### PROBLEM TO SOLVE
The material below holds pictures, which are to be left out; copy exactly the lines from the one with "Women's Mitch Morse" through the one with "Gold chaps bracelet 9ct".

### SUPPLIED ENTRIES

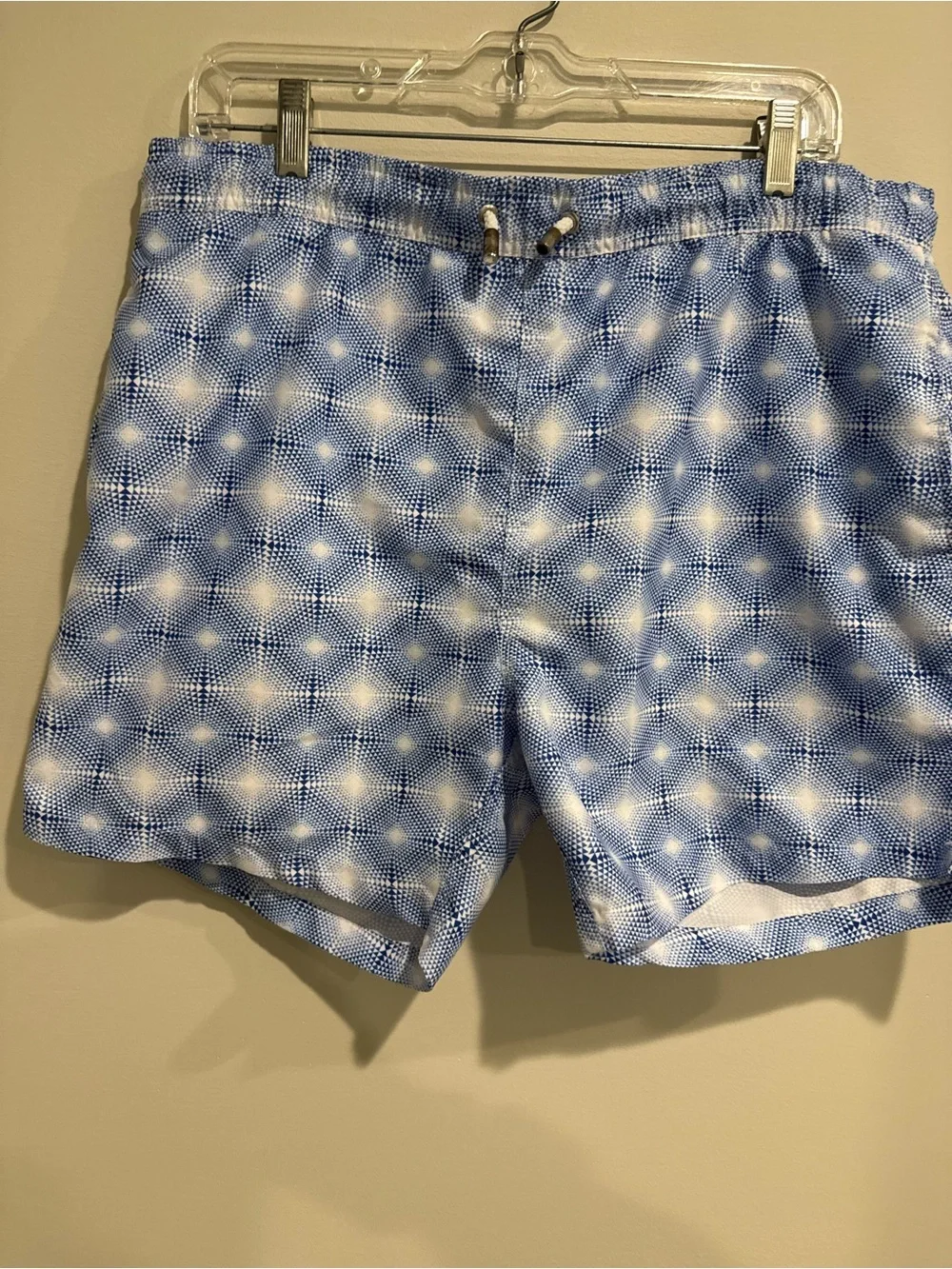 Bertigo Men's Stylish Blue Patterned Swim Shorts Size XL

...

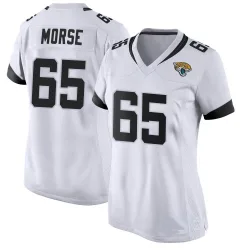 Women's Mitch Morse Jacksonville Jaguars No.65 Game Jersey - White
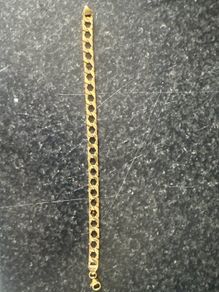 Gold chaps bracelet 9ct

### SOLUTION TO THIS EXERCISE
 Women's Mitch Morse Jacksonville Jaguars No.65 Game Jersey - White
 Gold chaps bracelet 9ct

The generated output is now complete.